The order was limited to 90 days, and there is no
question it could not have been fully litigated prior to its
expiration. The only question to be determined with regard to
this exception is whether there is a reasonable expectation
respondent will be subject personally to the same action again.
In re Alfred H.H., 233 Ill. 2d 345, 358-59, 910 N.E.2d 74, 82
(2009).
Respondent acknowledges our supreme court has found
where a claim on appeal raises the issue of sufficient evidence
to order involuntary commitment, it does not meet the requirement
of "same action" where a respondent disputes whether the specific
facts established at his hearing were sufficient to find he was a
danger to himself or to others and, thus, subject to involuntary
commitment.
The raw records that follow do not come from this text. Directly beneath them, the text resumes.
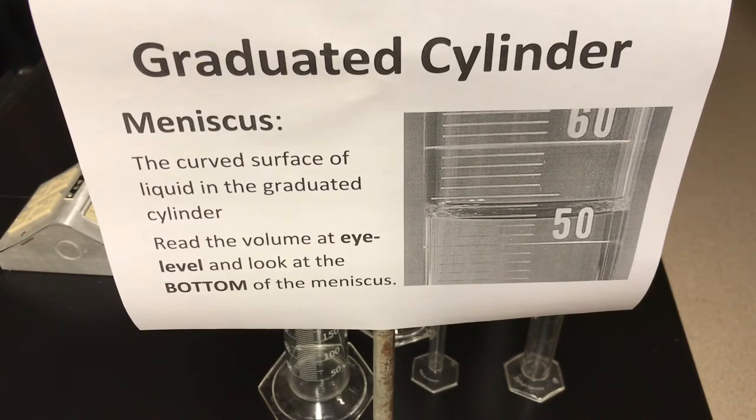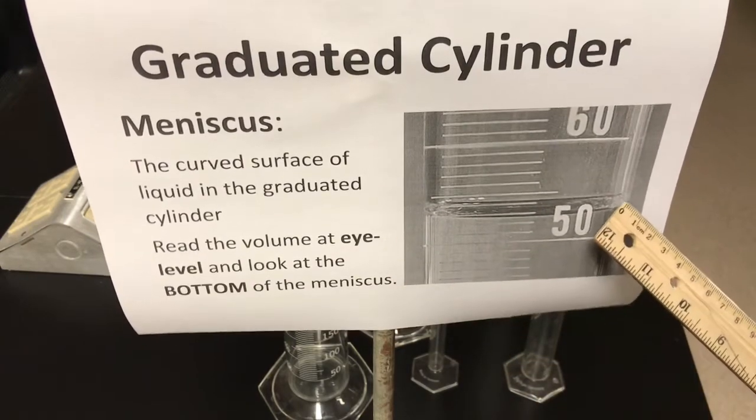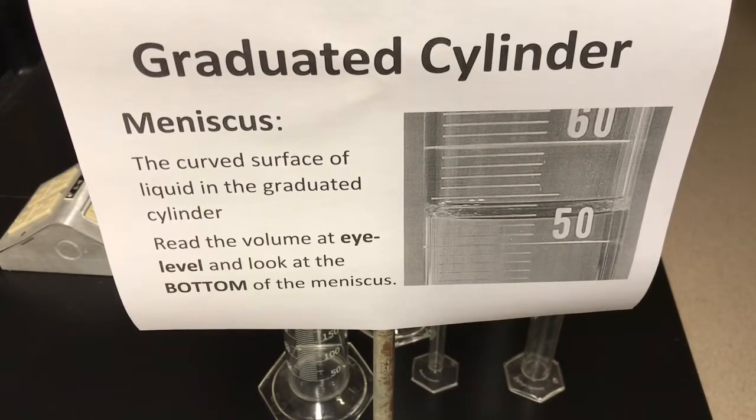The second thing to remember is when looking at the volume of liquid in the cylinder, always look at the bottom of the meniscus. So when you look at that curved surface, you would not look over here on the edge — you'd look at the very bottom-most point of that curved surface. That's the bottom of the meniscus where you want to look to record the volume.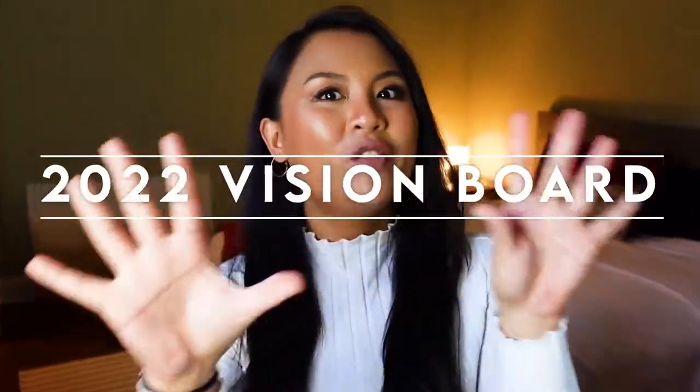Hello everybody and welcome back to my YouTube channel. As promised, I am going to make my 2022 vision board. I'm excited because as per my last video, I was able to achieve everything, if not most of everything on my vision board. So I'm pretty excited to get started on my 2022 vision board to sort of reach new goals and get the ball rolling on the new year.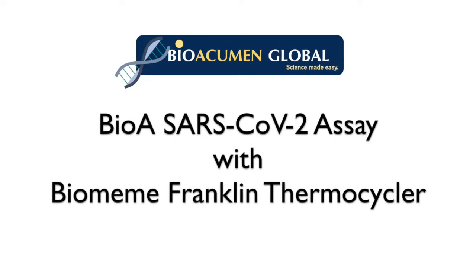In this video, we will demonstrate how to use our BioA SARS-COVID kit with the BioMIM Franklin Thermocycler.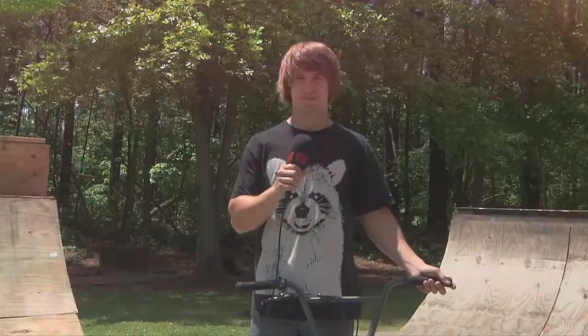Hey, I'm Josh Perry, and this is my raccoon. Hey, I'm Josh Perry, and this is my bike truck.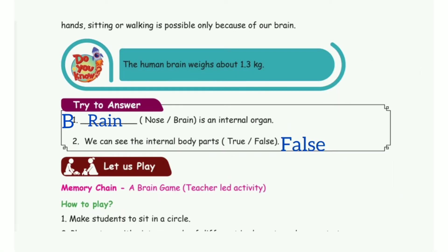Then take page number 83, Drive to Answer. First one: Das is an internal organ — the answer is Brain. Second one: We can't see the internal body parts — the answer is False.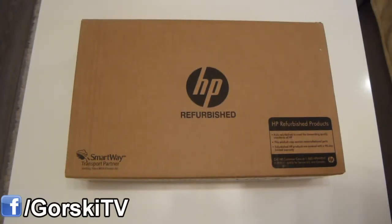Hello and welcome to my channel GorskyTV. In this video, I'm going to be unboxing a refurbished laptop I purchased.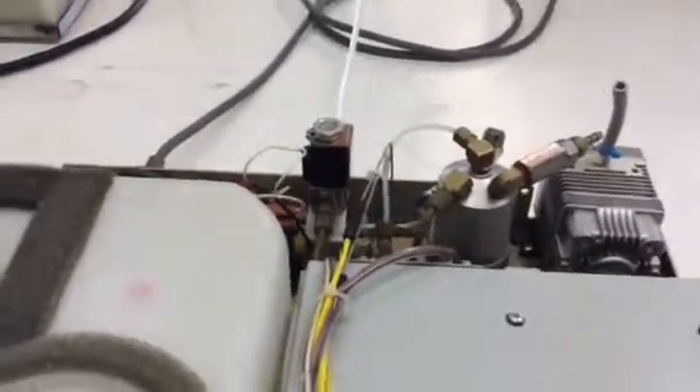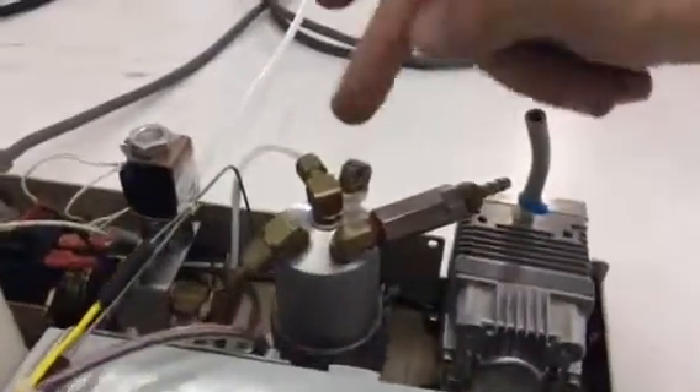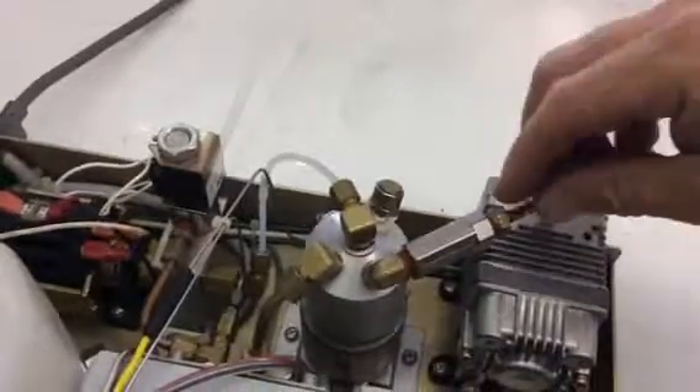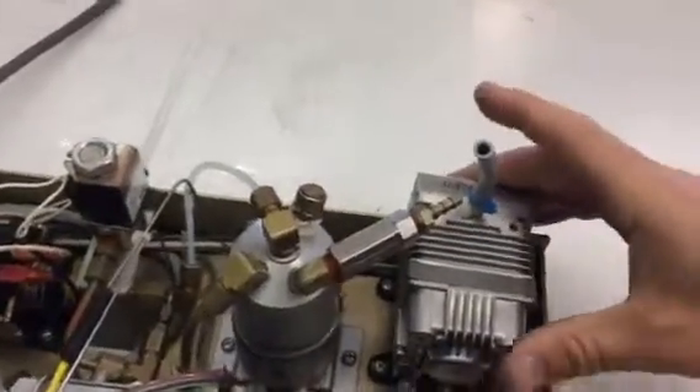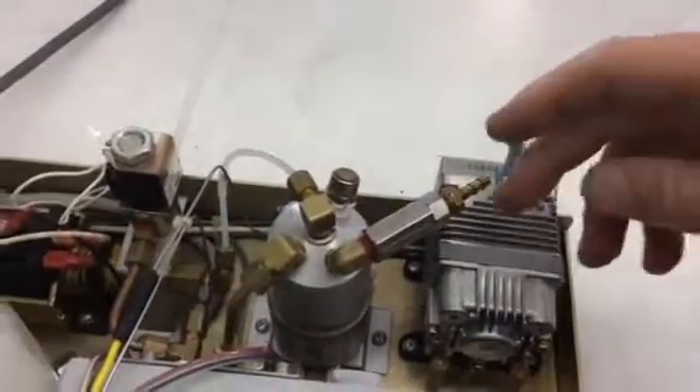The next thing would be to verify that the check valve, which is this, and the pressure relief valve, which is that, are not leaking. This check valve should be replaced every two years — it's in line to this air compressor. A way to test that, I can show you in another video, again on statumusa.com.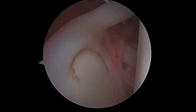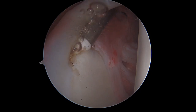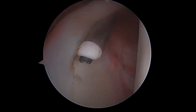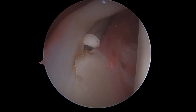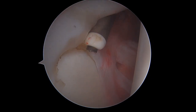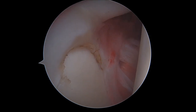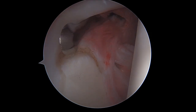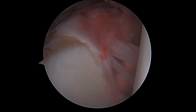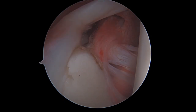What we do in this case is to first introduce our radiofrequency tool and to detach the residual fibers of the lesion, in order to have a totally free segment of the upper labrum and insertion of the long head of biceps on the upper pole of the glenoid cavity. We then introduce our arthroscopic scalpel and finalize the detaching of the residual fibers, fully mobilizing the torn aspect of the upper labrum.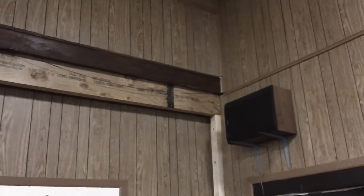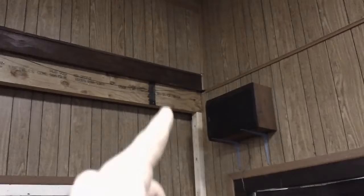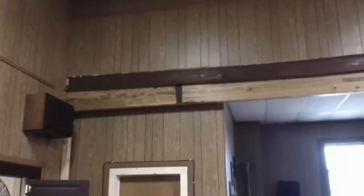Here we are in the upper level of the church, and here is a good example of those structural beams that we've installed underneath the existing beams at all four corners of the church. This beam right here ended up having a splice in it about six inches away from the wall. At first glance we thought this one was solid throughout but undersized, but it ended up being undersized and had a splice inside of it.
The court stated "[t]here is no clear indication of
how a resolution of this issue could be of use to respondent in
future litigation." Alfred H.H., 233 Ill. 2d at 360, 910 N.E.2d
at 83.
Respondent argues he has raised constitutional and
statutory interpretation arguments, which he contends the court
in Alfred H.H. intimates would be sufficient to overcome the
mootness doctrine as "capable of repetition yet avoiding review."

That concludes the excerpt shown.